# Has everyone drive a car in Dubai? Is it an absolute necessity?



## dhjb123 (Nov 15, 2012)

Coming from London where I have everything I need near home. 
I was wondering how am I going to survive in Dubai without a car. Has everyone got a car in Dubai? I have a licence but since I passed the required 30 hours driving for my test 4 years ago, I have Never driven. Plus as a beginner , I wouldnt stand a chance in the hectic dubai traffic! This is my main worry. Am I right to think that ?Would you recommend me to take additional hours just to refresh my memory? Would that be possible? Studying for a Dubai license is out of the question. 

I know there is a metro and buses. Is it common for professionals to use the public transport. Who uses the public transport? 
Thanksop2:


----------



## Chocoholic (Oct 29, 2012)

There is a metro and bus system, but it's only good for those who live close to it. Many people have to drive, because of where they choose to live.

Do you actually have a UK license? If you do, you can transfer it to a UAE license, without issue. Personally I would take refresher course in the UK whilst you're still there.


----------



## twowheelsgood (Feb 21, 2013)

Can you do it - yes, but it heavily limits where you can live. A colleague lived in Bur Dubai for 18 months and did without a car completely.

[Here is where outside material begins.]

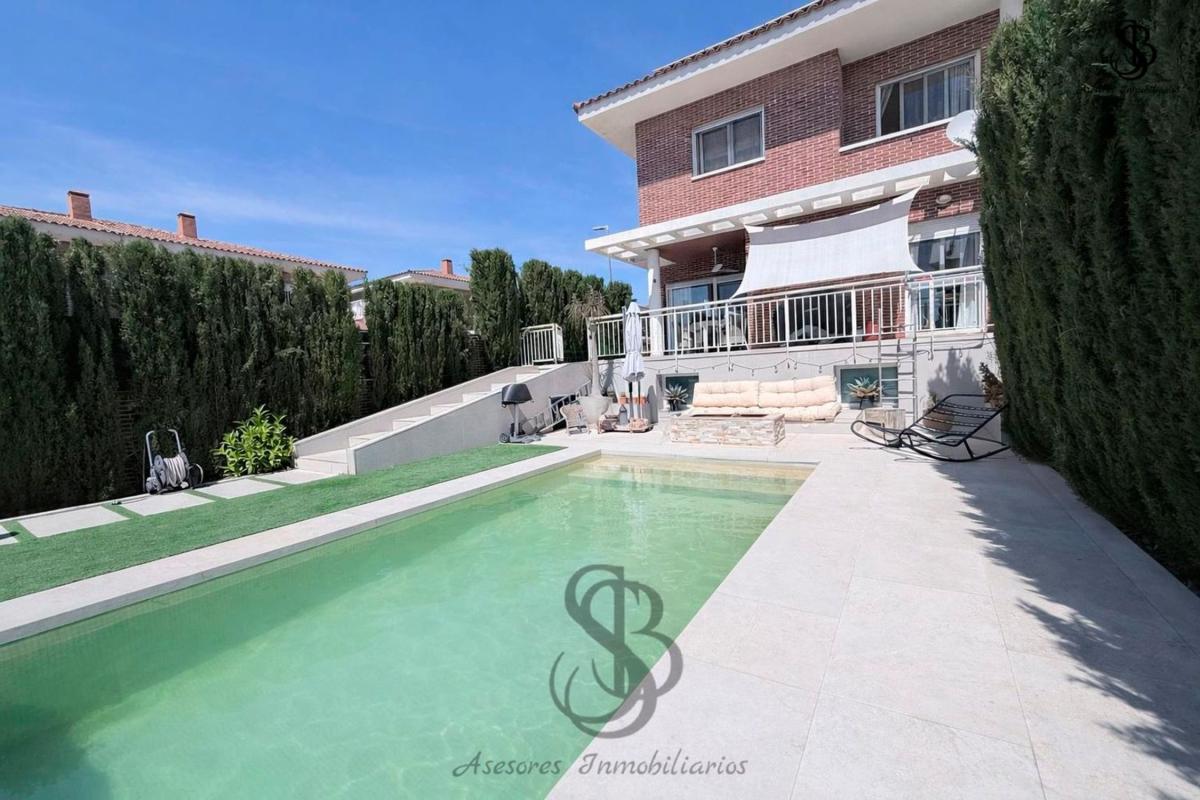 Properties for sale and rent in Spain photo 3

You will spend a lot on taxis and remember that you only have two arms, so bulk shopping is a pain. The metro is great but from the Palm it's a non-no as it takes longer to get into the centre of Dubai than driving in the morning. 

Do lots of professionals use it - a few certainly and I would recommend a Gold Card but even those carriages become standing only at peak times. 

You really don't want to arrive at work already hot and sweaty as its not a good start to the day. At this time of the year you will not even want to walk 800 yards to work in the sun, and if you rely on the metro it could be a lot more than that.


----------



## sammylou (Oct 29, 2012)

i live in the marina, a few minutes walk to the metro and about 8 minutes walk to marina mall where i often get groceries.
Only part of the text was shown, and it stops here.